I heard the oven beep that the temperature was ready so I told him, prompting him to say that his daughter didn’t sit with him as she was that often so he wasn’t in a hurry to move.
I smiled and said he shouldn’t move because before long she would hate him—thinking about the inevitable teen years of rebellion and parent/child tensions.
He said he wasn’t looking forward to that, shaking his head. I added that she’ll grow out of that also.
As I watched my son-in-law and granddaughter there in the floor, I heard the universe whisper as it always does if we are willing to listen:
This is why we are here. This is why we are here. This is why we are here …
To “be brave/ And to be kind.”
•
Today is my second day alone caring for both of my grandchildren; the first day a week ago included my granddaughter’s first major vomiting experience, and my grandson, only a couple months old, obliged with also spitting up on me later in the day—a two-fer.
Yesterday was the last class session for my three courses (two first-year writing and one foundations in education) before Thanksgiving break.
My classes are intellectually challenging—the writing course focusing on James Baldwin and #BlackLivesMatter and my education course never straying far from the impact of poverty and race on teaching and learning.
In the wakes of the presidential election in 2016 and then attending the National Council of Teachers of English’s annual conference in Atlanta, GA (#NCTE2016), I think my class sessions and my own view of everything have been even more intensified than usual.
As I looked into the eyes and faces of my students, I also heard the universe whisper:
This is why we are here. This is why we are here.

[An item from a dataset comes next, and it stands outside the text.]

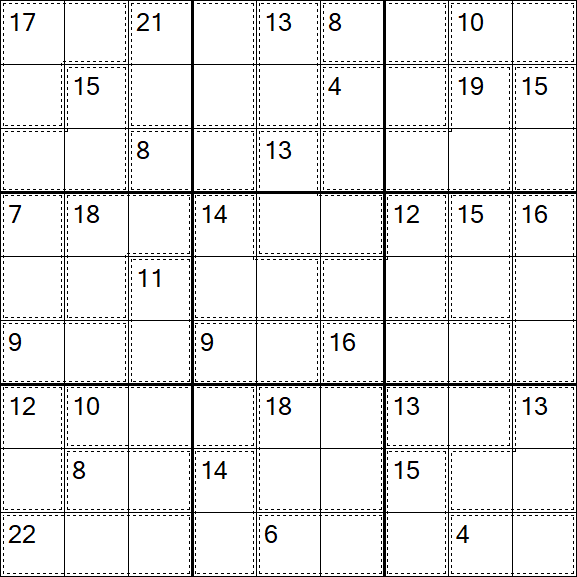 Killer Sudoku - Difícil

This is why we are here …
To “be brave/ And to be kind.”
•
Just before my trip to #NCTE2016, a student who had driven from Greenville, SC, to Atlanta, GA, the weekend after the election to protest asked my experience with protesting myself.

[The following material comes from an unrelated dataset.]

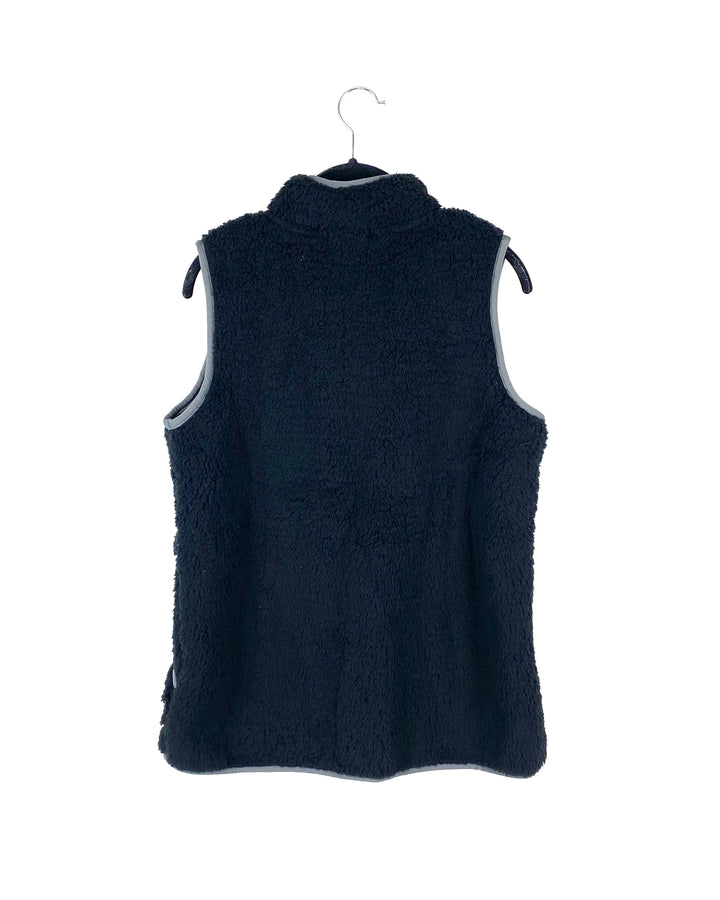 Black Sherpa Vest - Extra Small and Small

Another student had asked for my perspective on the protests more broadly the classes before as well.
My answer to both included my support for the protests, but that my own approach to advocacy and activism was grounded in my professional self; I view teaching and being a writer as activism, as advocacy.
In fact, I cannot fathom how to separate my private and professional selves just as I cannot fathom how to teach or to write without being political.
“I am a writer,” I explained. “It’s the only way I know how to respond to this world.”
Speaking to the student who needed someone to understand her urge to protest, I also heard the universe whisper:
This is why we are here. This is why we are here. This is why we are here …
To “be brave/ And to be kind.”
•
And then at #NCTE2016, where Ta-Nehisi Coates was a featured speaker, Coates answered in a similar way about his writing and his concept of protests and advocacy.
Also at the conference, I told a friend as we walked through the exhibition hall that being a writer and sitting with a line of people eager to meet you, to have you sign your book—that must be the ultimate way to feel like a writer.
The immediate feedback of teaching—a necessarily social act—is a beautiful thing against the isolation and distance of being a writer.
But writers need that feedback as well, need to know there is an audience.
As I sat listening to Coates being interviewed, as I walked through the convention center at #NCTE2016, I also heard the universe whisper:
This is why we are here. This is why we are here. This is why we are here …
To “be brave/ And to be kind.”
•
I’ve never been one for holidays, the stress and break in the rhythms of life are hard on those of us who suffer from anxiety. Fall and winter holidays are even more stressful for me with the dwindling daylight and the creeping cold temperatures.
But there is certainly something about Thanksgiving—taking the space and time to give thanks—that can rise above the problems with the literal source of the holiday and the inherent problems with holiday celebrations.
Do we as teachers and writers especially need that space and time to acknowledge and appreciate all for which we should be thankful?
I think so—now more than ever.
As a teacher, I am thankful for and I love my students.
As a writer, I am thankful for and I am humbled by my readers.
With my granddaughter playing nearby and watching Doc McStuffins, with my grandson sleeping on my bed, I squeeze in time to write, and I pause to listen to the universe whisper:
This is why we are here. This is why we are here. This is why we are here …
Thank you for this reminder–to be brave/and to be kind
This is the best read I have had in awhile. Thanks for the bravery in using words to create meaning and the kindness that softens those words and our day. You were also a very brave and kind teacher in the days of rural small town Bible belt high school English. You taught all of your students then to be thoughtful and make meaning from our words. I am 43 years old and still grateful.
I love you and your enduring kindness. This was a lovely gift.
Lovely. Thank you for sharing your insights with us.
Unlike my anxious friends, I treasure holidays and the occasional snow day or sick day. Without the break in rhythm and routine, I’d forget entirely why we’re here.
Thanks for continuing to show me new ways to think and to be.